Die Installation ist atmosphärisch. Aber leider auch etwas langweilig. Vielleicht soll hier etwas Utopisches dargestellt werden? In seiner Eigenständigkeit gegenüber den missbrauchten Schnittblumen?
Natur spielt überhaupt in der Kunst inzwischen eine viel zu große Rolle. Auch in der Videokunst, die uns ja schließlich auch die Schönheit der Künstlichkeit zeigen könnte. Oder die Hässlichkeit des gesellschaftlich Realen. Erst im Frühjahr war in Hannover in der Kestner Gesellschaft ein ganzer Raum der Schweizer Künstlerin Pipilotti Rist eingerichtet. Auf dem Boden lagen Kissen, um einen herum schwirrten in einer 180-Grad-Projektion Insekten durch das grüne Gras. Oder zeigen uns Videos wie die von Schmitt und Rist vielleicht erst die Künstlichkeit und Entfremdung der Natur? Mag es bei Rist noch starke Momente des Fantastischen und Absurden geben und ihre Video-Pflanzen die Betrachter überwältigen– bei Schnitt ist das Ganze leider ästhetisch wie inhaltlich schlicht uninteressant.
Nehmen wir noch einmal das „Epirrhema“. Der Titel ist griechisch und bedeutet soviel wie das Dazugesprochene. Schmitt hatte den Titel einem Gedicht von Goethe entlehnt. Auch da geht es um Natur: „Müsset im Naturbetrachten / Immer eins wie alles achten./ Nichts ist drinnen, nichts ist draußen; / denn was innen, das ist außen. / So ergreifet ohne Säumnis / Heilig öffentlich Geheimnis (…)„. Auch hier geht es um kontemplative Erfahrung von Natur. So wie sie in der Romantik gegen die Aufklärer gewendet wurde – ein großes Programm, mit dem die Bilder nicht mithalten.

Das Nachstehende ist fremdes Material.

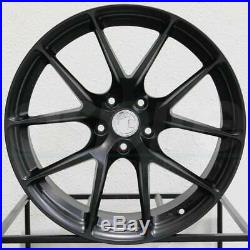 20x9/20x10.5 Matte Black Wheels Aodhan LS007 LS7 5x112 30/35 (Set of 4)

In der Ausstellung ist auch eine Arbeit zu sehen, die mit Natur zunächst nicht so viel zu tun hat. „Living a Beautiful Life“ ist bereits von 2004. Abwechselnd sieht man einen Mann und eine Frau in den sauberen und leblosen Zimmern ihres Bungalows posieren und von ihrem öden und perfekten Leben erzählen. Sie wirken wie Barbie und Ken. Selbstverständlich sind sie ein Paar in Amerika. Denn desto mehr Kritik zum Allgemeinplatz wird, umso wahrscheinlicher die Wandlung zum Ressentiment.
Er erzählt von seiner Zeit bei der Army, seiner wunderbaren Frau. Sie schwärmt von ihrem Familienleben und ihren beiden Kindern. Er berichtet von der Wohngegend, in der es keine Kriminalität gibt und stets die Sonne scheint. Am Sonntag gehen sie immer in die Kirche. Es sind Pappkameraden, die Schnitt hier aufbaut, um gegen sie zu schießen. Selbst in das Repertoire der Werbung haben es solcherart Klischees längst geschafft.
Und dann versucht die Künstlerin einen Bruch. Der ist so offensichtlich kalkuliert, dass er misslingen muss. Der brave Ehemann erzählt, nur hin und wieder bräuchte er eine Geliebte. Das sei aber nichts Ernstes. Seine Frau verstünde das. Sie sei sexy und würde hart dafür arbeiten. Eine beinahe schon selbst zum Klischee gewordene Entlarvung. Sie ist nicht skandalös. Und Spaß macht sie auch nicht.